REPRESENTATIVE ROKEBERG commented: "Mr. Chairman, this is the
carrot and stick and the penalty provisions of the alcohol package
that is emanating from the House this year." The intention is to
separate the vehicle from the habitual offender. CSHB 4(FIN)am
also emphasizes certain elements of treatment, particularly for
those who are incarcerated. He offered to answer questions.
CHAIRMAN TAYLOR asked why the term "intoxicated" was changed to
"under the influence of an alcoholic beverage, inhalant, or
controlled substance."
REPRESENTATIVE ROKEBERG said that change was made for a number of
reasons. The term, "driving while under the influence ..." is more
applicable throughout the United States and inhalants and other
controlled substances were added to the definition. He believes
that lowering the blood alcohol level (BAC) from .1 to .08 and
changing the name of the offense sends a message to the public:
think before you drink and get behind the wheel. When the
legislature lowers the standard and changes the name of the
offense, a person will have to decide whether he or she is under
the influence rather than intoxicated. He believes it is important
to send the message to the public that the legislature is serious
about stopping this offense from occurring.

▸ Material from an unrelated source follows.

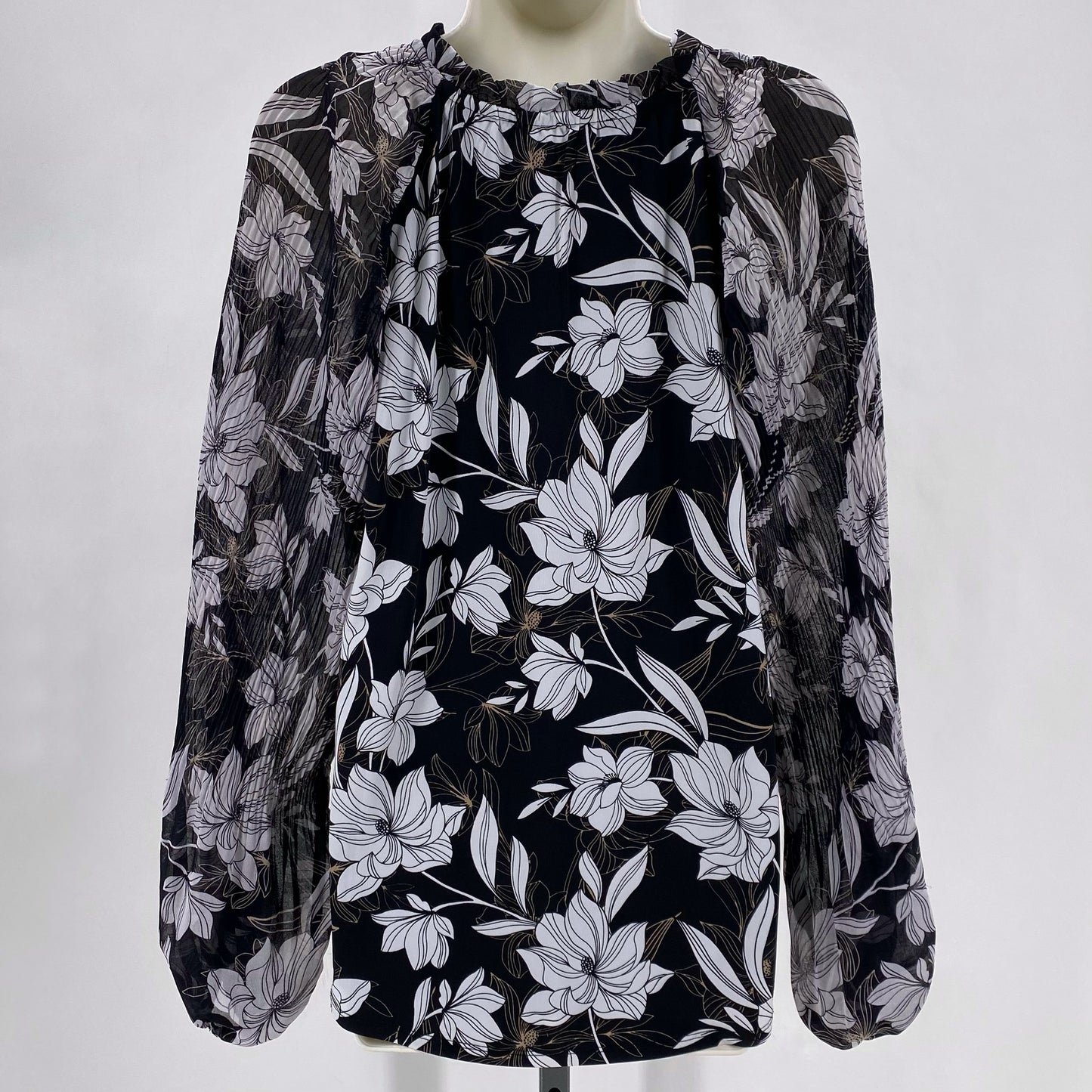 Size M WHITE HOUSE BLACK FLOWERS Shirt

CHAIRMAN TAYLOR asked at what level Representative Rokeberg
believes a person is under the influence.
REPRESENTATIVE ROKEBERG replied: "Mr. Chairman, we have also in the
bill the impairment provisions in state law. It is my understanding
that law enforcement officers, when they make the initial arrest,
many times charge under the impairment statute." Currently
"impairment" is defined as .05; it was lowered in the bill to .04.
He talked to municipal prosecutors in Anchorage who, on occasion,
bring criminal actions under the impairment offense. He reminded
committee members that .1 is the under the influence level so an
individual could be driving impaired at a .04 BAC under CSHB
4(FIN)am.
CHAIRMAN TAYLOR asked how the penalties differ for impairment and
under the influence.
MR. DEAN GUANELI, Assistant Attorney General, Department of Law
(DOL), said there is no difference.
CHAIRMAN TAYLOR maintained that by changing the definition within
the bill to "under the influence ...," the same penalties are
involved but the standard is lowered to .04.

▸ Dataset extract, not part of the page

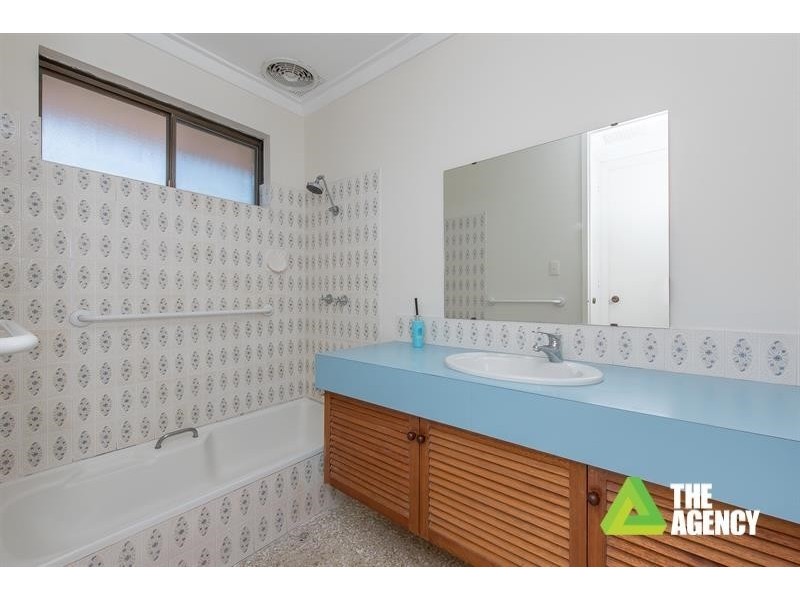 9 McKinlay Avenue, Padbury WA 6025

REPRESENTATIVE ROKEBERG said the current law is .05; CSHB 4(FIN)am
would lower it to .04. He noted Chairman Taylor is correct in that
it is the per se level at .1 or .08. A person is still considered
under the influence under current law.
Number 784
SENATOR COWDERY asked for definitions of "inhalant" and "controlled
substance."
REPRESENTATIVE ROKEBERG said "controlled substance" is defined in
statute, which contains a list of certain drugs. He then said,
"Inhalant also, I believe, is defined here and there's other
pending legislation on that." He pointed out the definition was
included at the request of Representative Kapsner.

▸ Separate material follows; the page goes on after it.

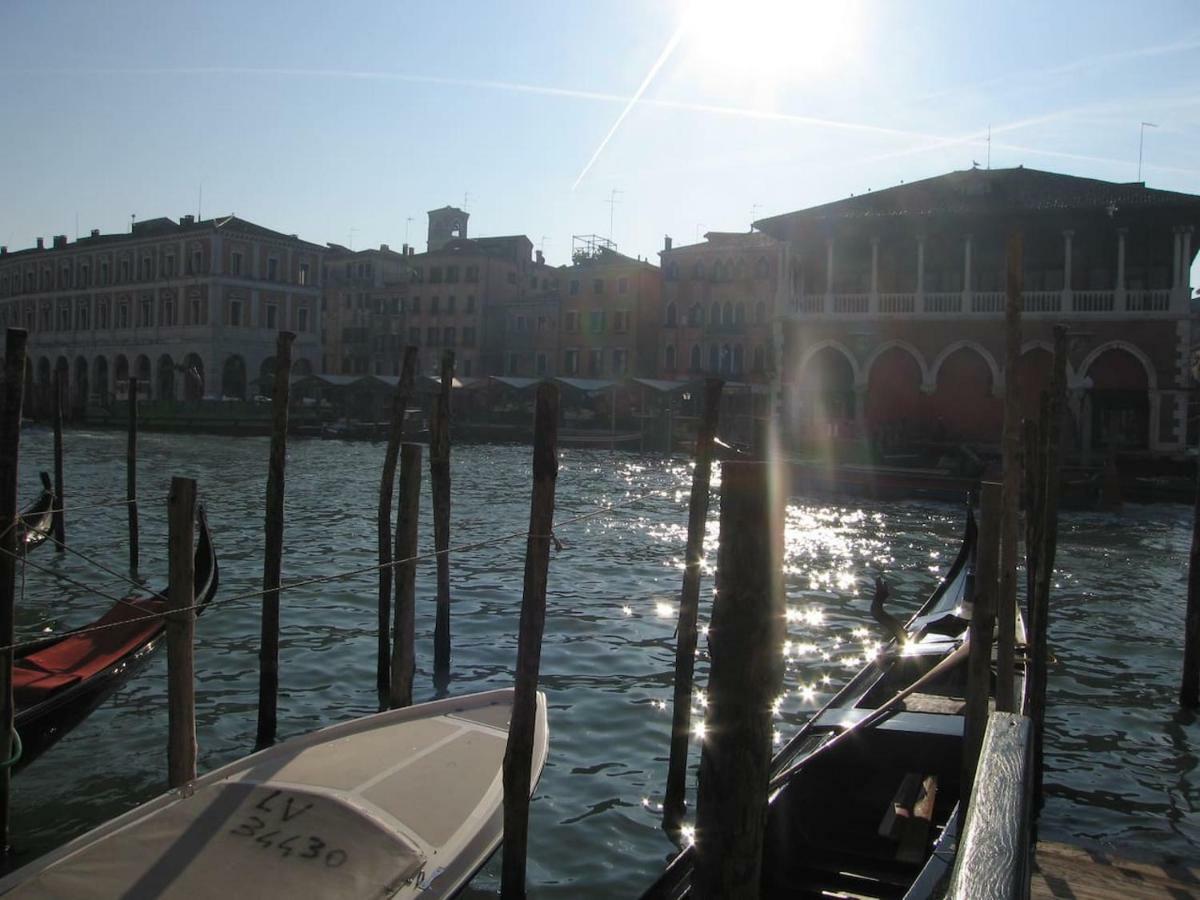 Loft Overlooking The Grand Canal เวนิส ภายนอก รูปภาพ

SENATOR COWDERY referred to Section 19, regarding evaluation, and
asked if an evaluation can be done if a person refuses to submit to
a breath test.
REPRESENTATIVE ROKEBERG said one reason the bill is so long is that
the implied consent and blood alcohol level statutes were
replicated in it. Regarding treatment, the bill refers to ASERP -
the Alcohol Screening and Evaluation Referral Program, an existing
program where initial screening occurs to evaluate whether the
individual needs additional alcohol abuse treatment. The charge
for that program is paid for by the defendant. CSHB 4(FIN)am
contains a provision that allows municipalities to charge the fee
for ASERP screening.
SENATOR THERRIAULT asked Representative Rokeberg to clarify the
comments he made about the .05 blood alcohol level.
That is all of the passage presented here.